Confidence Intervals for the Mean (Sigma Unknown): Study Notes

Study Guide - Smart Notes

Tailored notes based on your materials, expanded with key definitions, examples, and context.

Confidence Intervals

Introduction to Confidence Intervals

Confidence intervals are a fundamental concept in inferential statistics, providing a range of values within which a population parameter is likely to lie. They are used to estimate population means, proportions, variances, and standard deviations based on sample data.

Confidence Level: The probability that the interval estimate contains the true population parameter (commonly 90%, 95%, or 99%).
Margin of Error: The maximum expected difference between the true population parameter and a sample estimate.

Confidence Intervals for the Mean (Sigma Unknown)

The t-Distribution

When the population standard deviation (σ) is unknown, the sample standard deviation (s) is used to estimate it. In this case, the sampling distribution of the sample mean follows a t-distribution rather than a normal distribution.

t-distribution: A probability distribution used when estimating the mean of a normally distributed population in situations where the sample size is small and population standard deviation is unknown.
Critical values of t: Denoted as tc, these values are used to construct confidence intervals.

Properties of the t-Distribution

The mean, median, and mode are all equal to 0.
It is bell-shaped and symmetric about the mean.
The total area under the curve is 1.
The t-distribution has thicker tails than the standard normal distribution, making it more prone to producing values that fall far from its mean.
The standard deviation varies with sample size and is greater than 1.
It is a family of curves, each determined by the degrees of freedom (d.f.), which is n - 1 for a sample of size n.
As the degrees of freedom increase, the t-distribution approaches the normal distribution. For d.f. ≥ 30, the t-distribution is very close to the standard normal distribution.

Finding Critical Values of t

To find the critical value tc for a given confidence level and sample size:

Determine the degrees of freedom: d.f. = n - 1.
Use a t-distribution table or technology to find the value corresponding to the desired confidence level and degrees of freedom.

Example: For a 95% confidence interval with a sample size of 15, d.f. = 14. Use the t-table to find tc for c = 0.95 and d.f. = 14.

Constructing a Confidence Interval for a Population Mean (Sigma Unknown)

When the population standard deviation is unknown, the confidence interval for the population mean is constructed as follows:

Sample mean: \( \overline{x} \)
Sample standard deviation: s
Sample size: n
Degrees of freedom: n - 1
Critical value from t-distribution: tc

The confidence interval is given by:

Margin of Error:

Example 1: Constructing a 95% Confidence Interval

You randomly select 16 coffee shops and measure the temperature of the coffee sold at each.

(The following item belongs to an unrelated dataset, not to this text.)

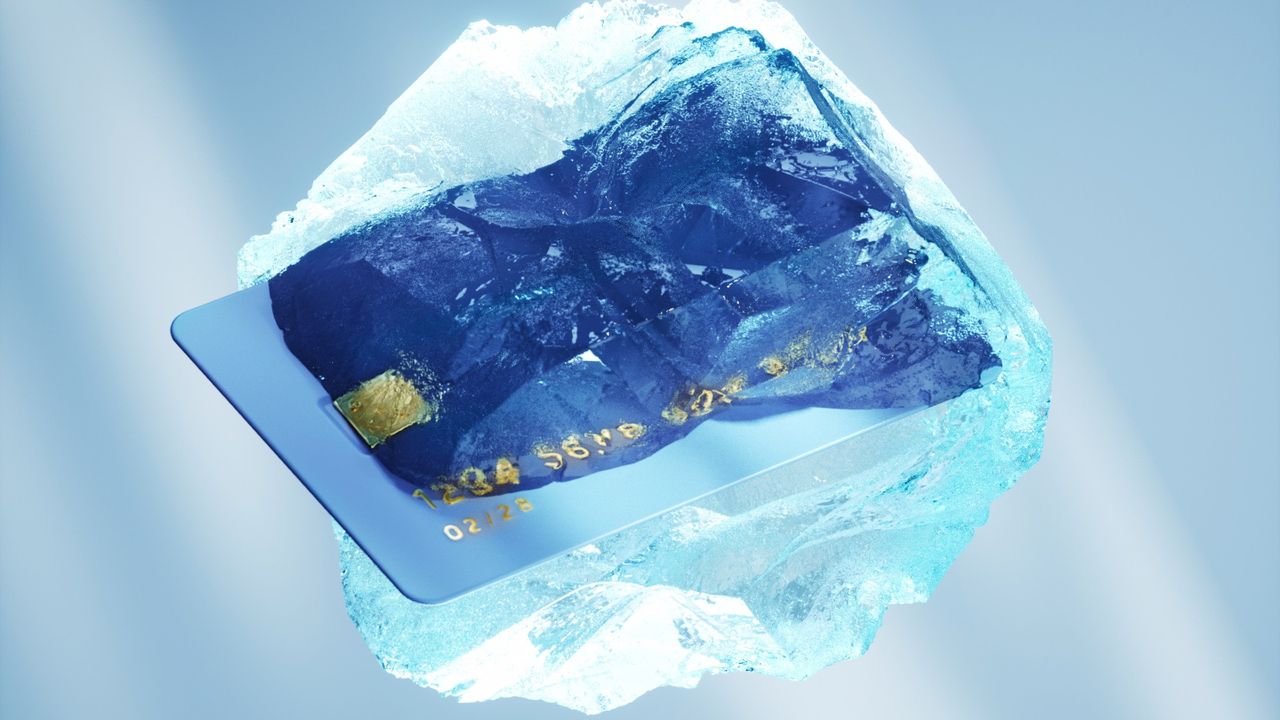 Credit card frozen in a block of ice against a light blue background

The sample mean temperature is \( \overline{x} \) with a sample standard deviation of s = 10.0. Construct a 95% confidence interval for the population mean temperature, assuming normality.

n = 16, s = 10.0, c = 0.95, d.f. = 15
Find tc from the t-table for d.f. = 15 and c = 0.95
Calculate the margin of error and endpoints using the formula above.

Example 2: Constructing a 99% Confidence Interval

You randomly select 36 cars of the same model and determine the number of days each car was on the dealership’s lot. The sample mean is 9.75 days, with a sample standard deviation of 2.39 days. Construct a 99% confidence interval for the population mean number of days.

n = 36, s = 2.39, c = 0.99, d.f. = 35
Find tc from the t-table for d.f. = 35 and c = 0.99
Calculate the margin of error and endpoints using the formula above.
Result: With 99% confidence, the interval between 8.66 and 10.84 days contains the population mean.

Choosing Between the Normal and t-Distribution

When constructing confidence intervals for the mean, the choice between the normal (z) and t-distribution depends on the following:

If the population standard deviation (σ) is known and the population is normally distributed (or n ≥ 30), use the standard normal (z) distribution.
If σ is unknown and the population is normally distributed (or n ≥ 30), use the t-distribution.

Example: For a sample of 25 houses with a known population standard deviation, use the standard normal distribution, even though n < 30, because the population is normally distributed and σ is known.

Summary Table: When to Use the Normal vs. t-Distribution

Condition	Distribution to Use
Population standard deviation known, population normal or n ≥ 30	Standard normal (z)
Population standard deviation unknown, population normal or n ≥ 30	t-distribution
Population not normal, n < 30, σ unknown	Neither (cannot construct interval)

Applications and Interpretation

Confidence intervals are widely used in scientific research, business, and quality control to estimate population parameters and assess the reliability of sample statistics.
Interpretation: A 95% confidence interval means that if the same population is sampled repeatedly and intervals are constructed, approximately 95% of those intervals will contain the true population mean.

Additional info: The t-distribution is especially important for small sample sizes and when the population standard deviation is not available, which is common in practical applications.